Problem statement: In the listing, locate the line containing "Φωτογραφία από το", then quote it and all following lines exactly. Omit pictures.

Information supplied:
^^^^^^^^

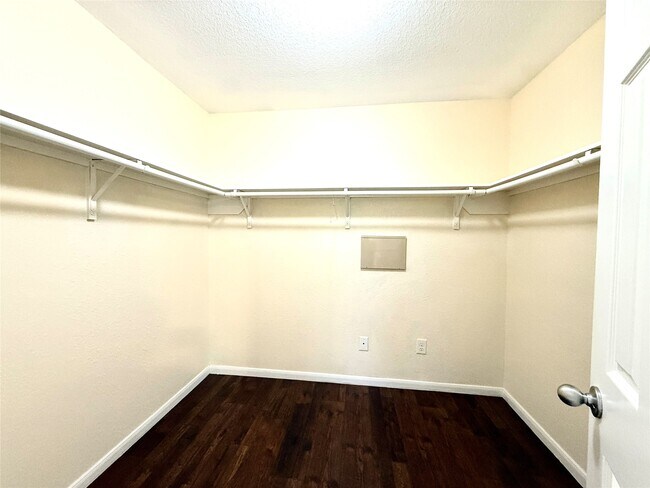 Building Photo - 15906 Arapaho Bend Ln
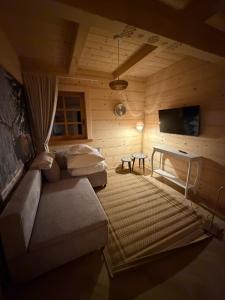 Φωτογραφία από το άλμπουμ του Czorna Chata u Chocyków σε Czarna Gora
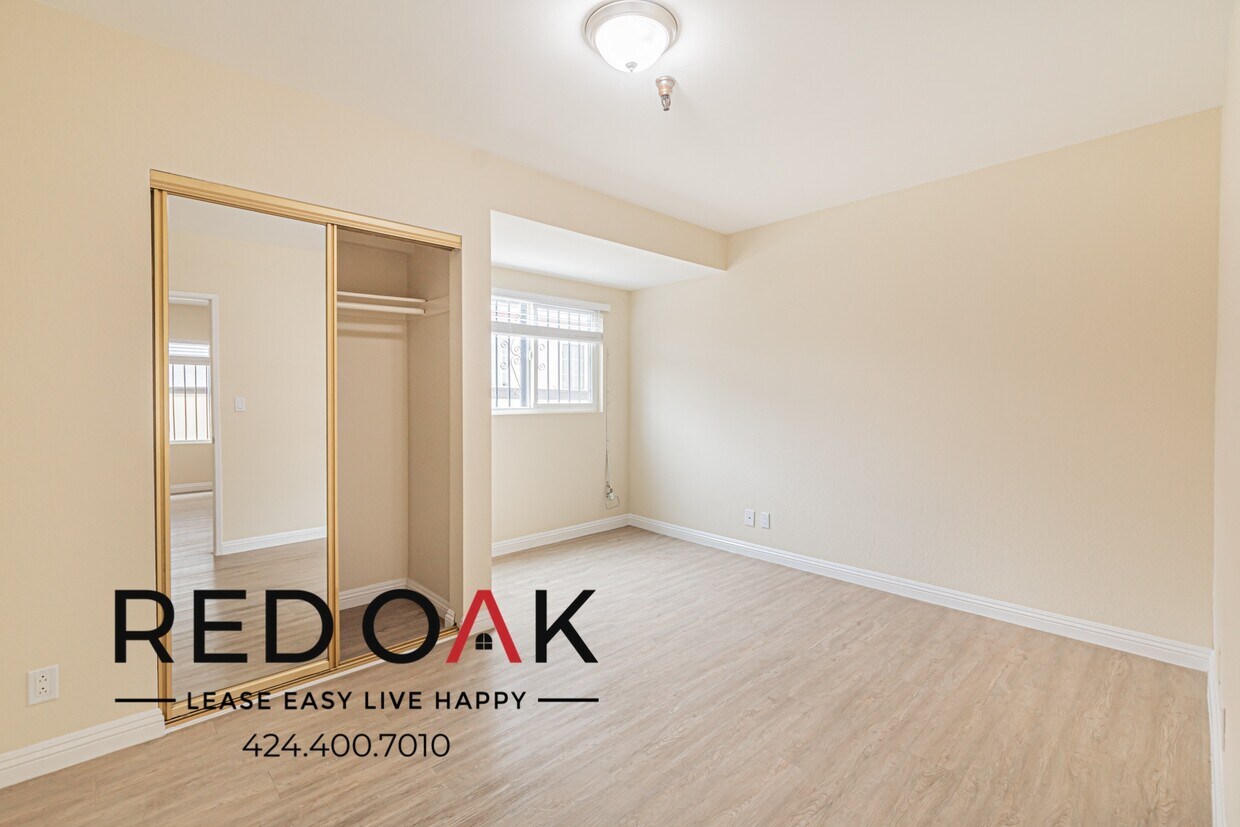 Foto principal - 12903 Roselle Ave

^^^^^^^^

Written answer:
 Φωτογραφία από το άλμπουμ του Czorna Chata u Chocyków σε Czarna Gora
 Foto principal - 12903 Roselle Ave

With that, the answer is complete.